This repository contains two Jupyter Notebook implementations showcasing regression analysis using:
-
Linear Regression
-
XGBoost Regression
The notebooks analyze the Ecommerce Customers
dataset, performing predictive modeling to determine customer behavior and associated trends.
-
linear_reg.ipynb
: Demonstrates regression using the LinearRegression model from Scikit-Learn. -
xgboost_reg.ipynb
: Implements regression using the XGBoost library’s XGBRegressor.

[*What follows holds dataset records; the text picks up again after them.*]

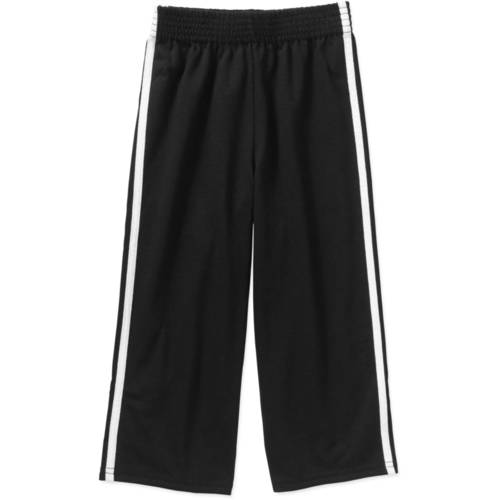 toddler boy athletic pants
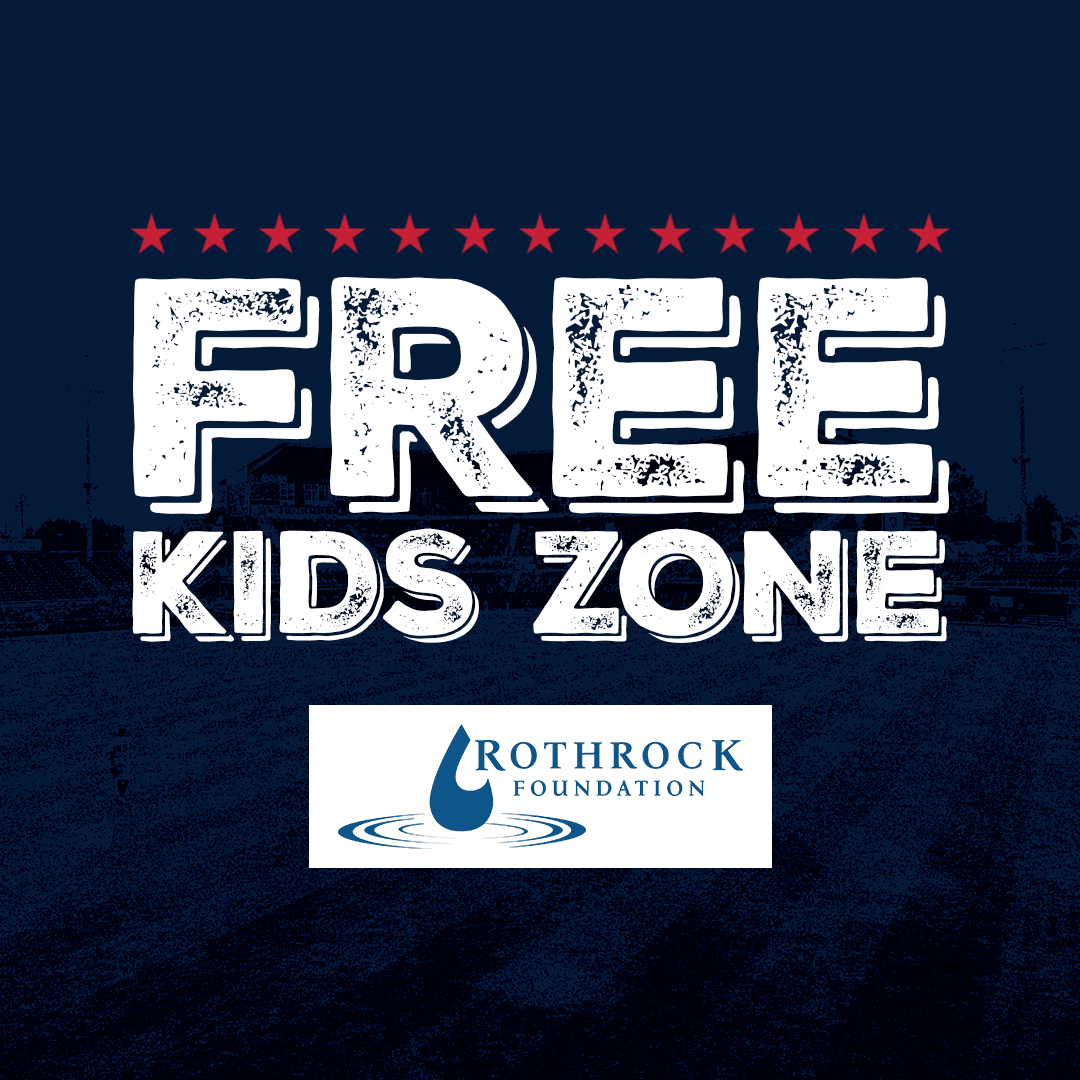 Free Kids Zone
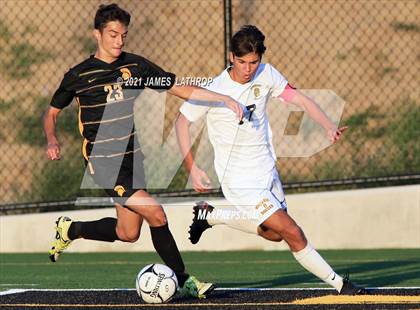 Thumbnail 1 in McQuaid Jesuit @ Greece Athena photogallery.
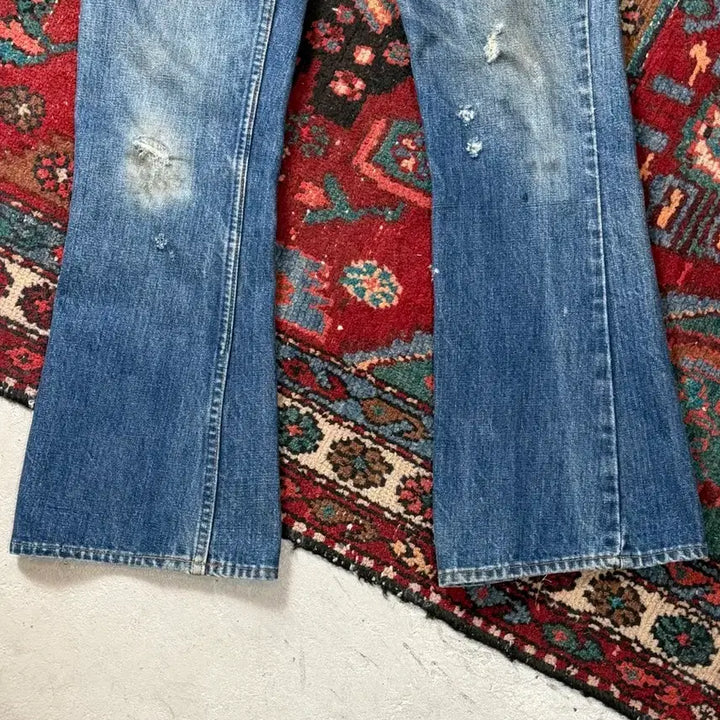 [SOLD OUT] [32] 80&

Before running the notebooks, ensure you have the following installed:
- Python 3.8+
- Jupyter Notebook
- Required Python ilbraries:
- pandas
- numpy
- seaborn
- sci-kit
- xgboost
You can install the necessary libraries using:
pip install pandas numpy seaborn scikit-learn xgboost
Both notebooks use the Ecommerce Customers
dataset. Ensure the dataset is available in the working directory before running the notebooks.
Dataset name: Ecommerce Customers
Columns include:
- Address
- Avatar
- Avg. Session Length
- Time on App
- Time on Website
- Length of Membership
- Yearly Amount Spent
The linear_reg.ipynb
notebook covers:
-
Data preprocessing and exploration.
-
Building a regression model using LinearRegression from Scikit-Learn.
-
Evaluating model performance with metrics like Mean Squared Error and R-squared.
The xgboost_reg.ipynb
notebook includes:
-
Data preprocessing and exploration.
-
Building a regression model using XGBRegressor from the XGBoost library.
-
Fine-tuning the model with hyperparameter optimization.
-
Evaluating performance metrics for comparison with the linear regression model.
- Clone this repository:
git clone <repository_url>
cd <repository_folder>
- Start Jupyter Notebook:
jupyter notebook
- Open and run either
linear_reg.ipynb
orxgboost_reg.ipynb
.
The outputs include:
-
Insights into dataset relationships and trends using visualizations.
-
Model performance metrics and predictions.
Feel free to fork the repository, submit issues, or create pull requests to enhance the notebooks.
This project is licensed under the MIT License.